The rupee was also helped by fresh dollar sales by exporters and some banks and around Rs 250 crore capital inflows in stocks.
At the Interbank Foreign Exchange Market, the rupee resumed lower at 59.72 a dollar from the previous close of 59.67 and declined to a low of 59.88. It bounced back on dollar selling by exporters and some banks, touching a high of 59.30 before settling at 59.35, a rise of 0.54 percent.
The rupee was also supported by comments from Prime Minister Manmohan Singh, who indicated the RBI's measures to curb exchange rate volatility by tightening liquidity may be reversed.
"These steps...Are designed to contain speculative pressure on currency. Once these short-term pressures have been contained, as I expect they will be, the Reserve Bank can even consider reversing these pressures," Singh said at the annual meeting of Assocham.
The benchmark S&P BSE Sensex gained 21 points, or 0.11 percent.

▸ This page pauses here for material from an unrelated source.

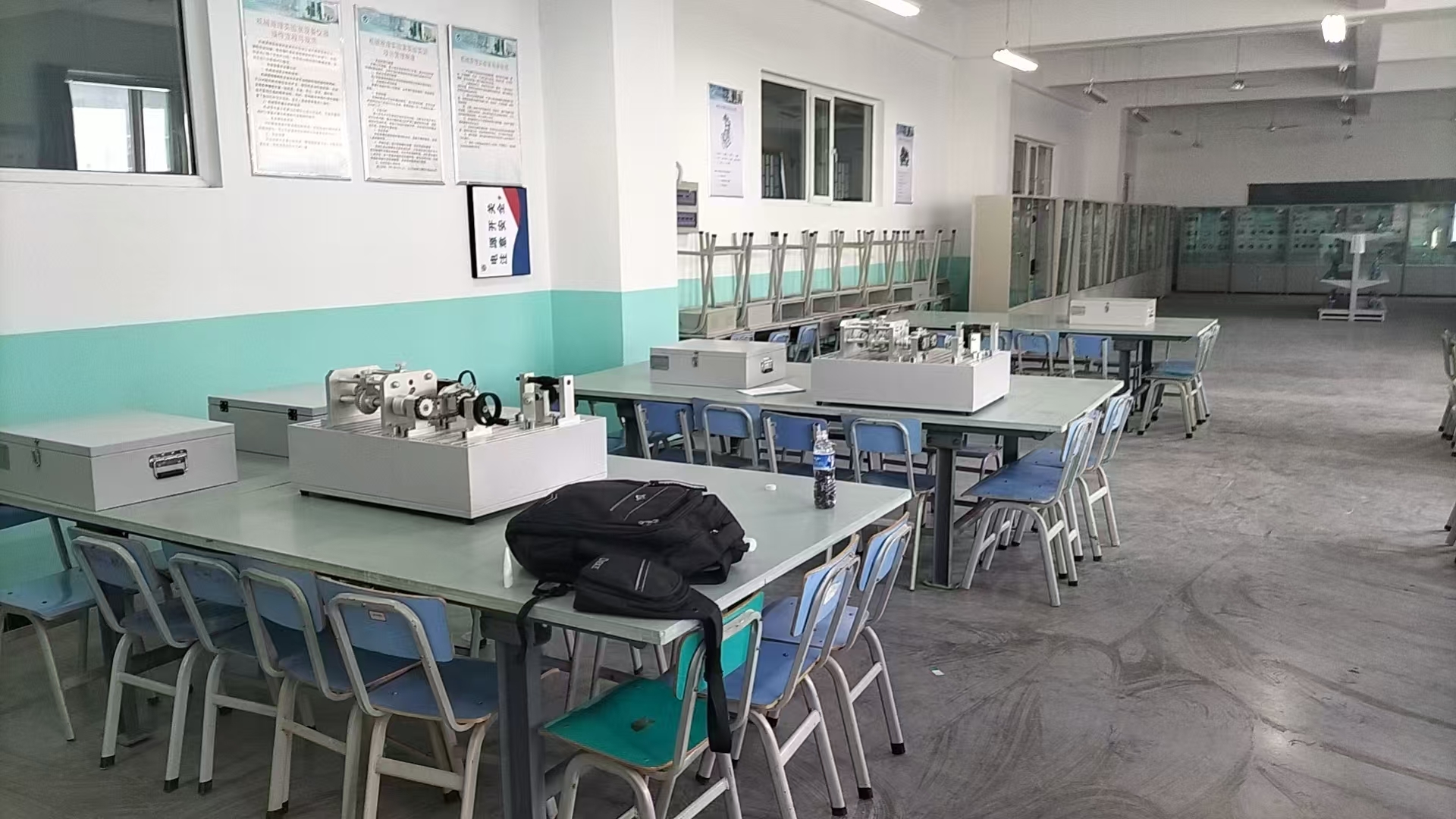 運(yùn)城職業(yè)技術(shù)大學(xué)機(jī)械制造工藝與裝備實(shí)驗(yàn)室設(shè)備(圖9)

FIIs sold shares worth Rs 178.30 crore yesterday as per provisional data with the stock exchanges.
The dollar index was down 0.17 percent.
"Dollar demand from companies and importers kept the rupee under pressure," said Pramit Brahmbhatt, CEO, Alpari Financial Services (India). "Today being the last day of the week, most of the traders prefer to square up their open positions, which helped the rupee to eventually appreciate."